Les outils que se donnent l’anthropologie et la psychanalyse convergent vers un souci de se décaler et de saisir l’Autre dans ses propres termes, que ce soit à partir des catégories de la langue, de la pensée et des émotions qui organisent la vision du monde et des êtres dans une autre société ; ou que ce soit, pour la psychanalyse, à travers la méthode des associations libres et de l’écoute flottante qui déconstruisent la cohérence manifeste et les formes de rationalité qui organisent les discours ordinaires. En parallèle, chacune des approches élabore des notions et des théories qui répondent à la quête de cohérence qui habite l’humain. Et pour nécessaires ou utiles qu’elles soient, ces notions et ces théories comportent nécessairement le risque d’absorber l’étrangeté de l’Autre dans du déjà connu, de l’intégrer à un système qui participe dès lors à la mise en forme des perceptions, en élimine ce qui fait « bruit » par rapport aux modes de pensée dominants. Quand on se place sous cet angle, on peut dire que la visée de déstabilisation qui informe le mouvement de connaissance dans ces champs du savoir est toujours à reprendre, à relancer, afin de laisser ouverte une « relation d’inconnu » (Rosolato 1978).

Or, cette question du rapport à l’Autre revêt une actualité particulière et paradoxale dans le monde d’aujourd’hui. Elle se déploie dans l’espace ouvert entre deux mouvements à la fois opposés et convergents : d’un côté, la globalisation et l’internationalisation des échanges favorise une mise en contact accélérée avec l’Autre sur l’axe horizontal des sociétés et des cultures ; de l’autre, ces mêmes courants entraînent une pression énorme à l’homogénéisation et tendent à minimiser l’altérité de l’Autre ou à nier qu’elle ait une quelconque pertinence dans le monde actuel. Ce courant apparaît comme l’envers en miroir de l’exotisme dont on a beaucoup accusé les récits des voyageurs et des anthropologues. De manière paradoxale, l’Occident passe ainsi d’une position d’Autre radical des autres sociétés à celle d’un Même, à l’exception de poches d’exotisme mises en scène et jouées pour le regard touriste. Quand elle fait malgré tout surface, l’altérité de l’Autre apparaît massive, opaque et menaçante. Il semble de plus en plus difficile d’aménager des espaces de rencontre permettant d’en élaborer dialectiquement la différence et d’avoir accès à ce qui échappe à la compacité des identités. Il est intéressant et troublant de constater la part qu’a prise – et que prend – l’anthropologie à cet effacement des différences, par culpabilité, ou en réponse à une conception qui m’apparaît naïve de l’intersubjectivité.

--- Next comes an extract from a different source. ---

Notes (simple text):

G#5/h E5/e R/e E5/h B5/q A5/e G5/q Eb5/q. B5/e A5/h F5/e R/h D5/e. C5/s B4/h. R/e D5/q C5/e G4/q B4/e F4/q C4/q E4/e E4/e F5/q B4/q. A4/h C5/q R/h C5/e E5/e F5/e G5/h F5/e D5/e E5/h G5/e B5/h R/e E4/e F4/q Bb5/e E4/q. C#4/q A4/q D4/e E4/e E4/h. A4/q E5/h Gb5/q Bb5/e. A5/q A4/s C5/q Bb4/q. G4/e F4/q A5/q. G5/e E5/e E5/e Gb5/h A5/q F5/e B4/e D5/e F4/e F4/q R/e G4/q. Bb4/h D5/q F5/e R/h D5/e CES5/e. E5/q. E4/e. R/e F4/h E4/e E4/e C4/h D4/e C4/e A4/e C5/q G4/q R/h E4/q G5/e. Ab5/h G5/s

Cette mise en question de l’Altérité de l’autre se redouble de l’effacement graduel d’une l’Altérité intérieure à l’humain. Ainsi, dans le champ de la psychiatrie où se cristallisent les troubles qui affectent le rapport à soi et au monde, les problèmes ne sont plus perçus comme ouvrant sur un questionnement relatif à la déroute des affects et des sens ou comme forçant à s’interroger sur la position du sujet dans son monde ; ils sont approchés par leur surface, celle de l’objectivité des symptômes, et en termes d’une mise entre parenthèses, méthodologique et conceptuelle, de ce qui relève des subjectivités tant singulières que collectives. L’humain est saisi, comme dirigé par le pouvoir des gènes, par les flux et blocages de ses neurotransmetteurs, par des processus cognitifs mesurables et objectivables. Les approches épigénétiques visent bien à restituer à un certain environnement un rôle dans le devenir de l’humain, mais elles sont loin d’intégrer le type de réalités dont traitent l’anthropologie et la psychanalyse.

Les deux processus sont complémentaires : l’opacification de l’Altérité de l’autre et la difficulté de faire une place à l’Altérité en soi.

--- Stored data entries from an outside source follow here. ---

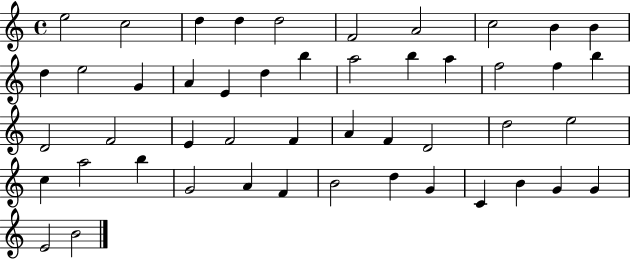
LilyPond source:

{
  \clef treble
  \time 4/4
  \defaultTimeSignature
  \key c \major
  e''2 c''2 | d''4 d''4 d''2 | f'2 a'2 | c''2 b'4 b'4 | \break d''4 e''2 g'4 | a'4 e'4 d''4 b''4 | a''2 b''4 a''4 | f''2 f''4 b''4 | \break d'2 f'2 | e'4 f'2 f'4 | a'4 f'4 d'2 | d''2 e''2 | \break c''4 a''2 b''4 | g'2 a'4 f'4 | b'2 d''4 g'4 | c'4 b'4 g'4 g'4 | \break e'2 b'2 | \bar "|."
}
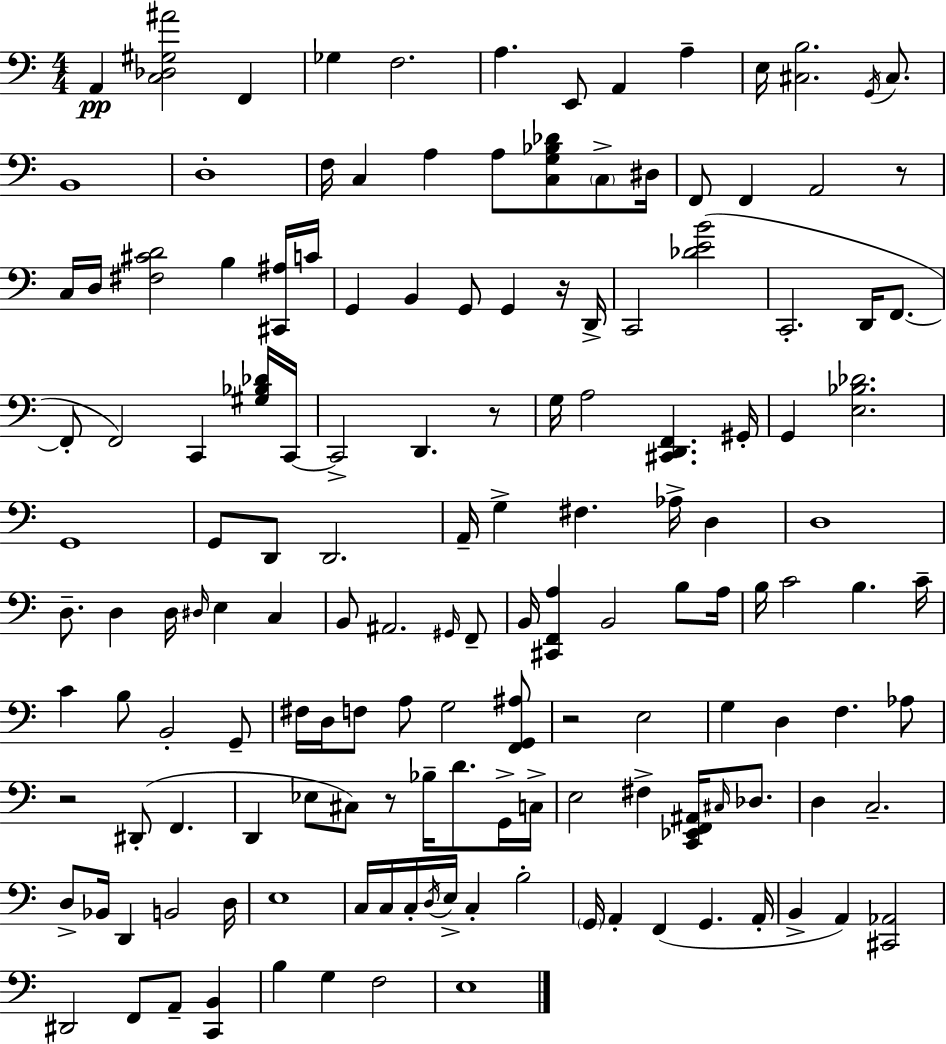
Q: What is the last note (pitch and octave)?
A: E3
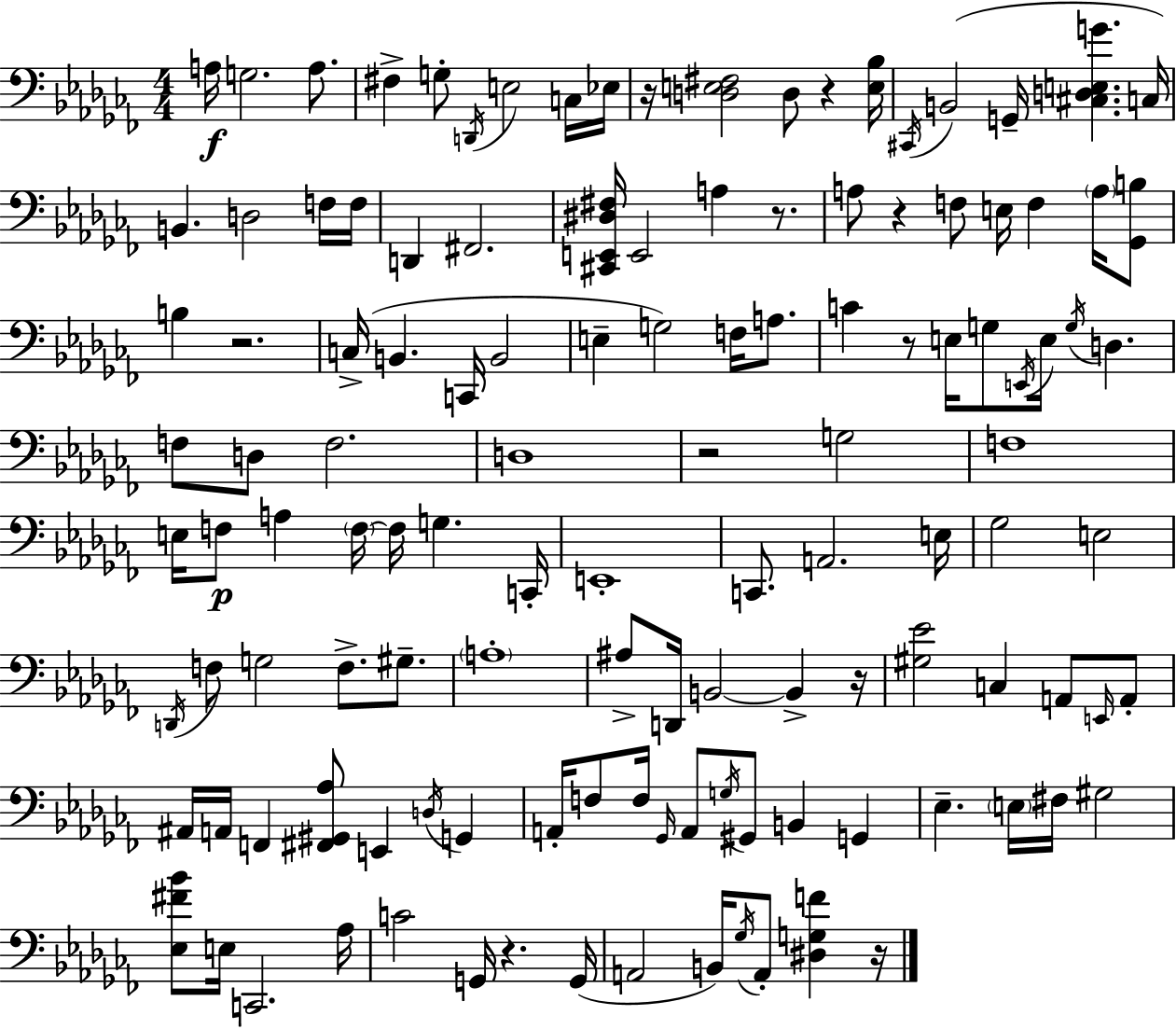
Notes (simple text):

A3/s G3/h. A3/e. F#3/q G3/e D2/s E3/h C3/s Eb3/s R/s [D3,E3,F#3]/h D3/e R/q [E3,Bb3]/s C#2/s B2/h G2/s [C#3,D3,E3,G4]/q. C3/s B2/q. D3/h F3/s F3/s D2/q F#2/h. [C#2,E2,D#3,F#3]/s E2/h A3/q R/e. A3/e R/q F3/e E3/s F3/q A3/s [Gb2,B3]/e B3/q R/h. C3/s B2/q. C2/s B2/h E3/q G3/h F3/s A3/e. C4/q R/e E3/s G3/e E2/s E3/s G3/s D3/q. F3/e D3/e F3/h. D3/w R/h G3/h F3/w E3/s F3/e A3/q F3/s F3/s G3/q. C2/s E2/w C2/e. A2/h. E3/s Gb3/h E3/h D2/s F3/e G3/h F3/e. G#3/e. A3/w A#3/e D2/s B2/h B2/q R/s [G#3,Eb4]/h C3/q A2/e E2/s A2/e A#2/s A2/s F2/q [F#2,G#2,Ab3]/e E2/q D3/s G2/q A2/s F3/e F3/s Gb2/s A2/e G3/s G#2/e B2/q G2/q Eb3/q. E3/s F#3/s G#3/h [Eb3,F#4,Bb4]/e E3/s C2/h. Ab3/s C4/h G2/s R/q. G2/s A2/h B2/s Gb3/s A2/e [D#3,G3,F4]/q R/s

Arpenter le champ de l’Autre

C’est donc à contre-courant que s’inscrit la visée de ce numéro. Il ne s’agit pas ici, comme d’autres l’ont fait et très bien fait, d’explorer les frontières entre les deux disciplines et de contribuer ainsi au développement d’un champ de connaissances interdisciplinaire. Dans le lieu de rencontre que nous avons imaginé, chacune des deux approches a joué le rôle d’une Altérité par rapport à l’autre ; il serait plus exact de dire que le recours aux modes de pensée, aux images ou aux mots de l’autre champ ont permis aux auteurs de relancer leur propre questionnement face à ce qui, dans leur territoire propre, leur semblait en excès. L’ébranlement du rapport aux disciplines originaires dont il est question ici parle de l’insuffisance des savoirs disponibles ou encore de leur décalage par rapport à quelque chose qui leur résiste, que cela soit lié au mouvement du monde dans lequel nous sommes plongés ou à un souci d’explorer ce qui, du dedans de l’approche, résiste aux catégories usuelles de la pensée et de la langue et appelle le recours à d’autres modes de figuration.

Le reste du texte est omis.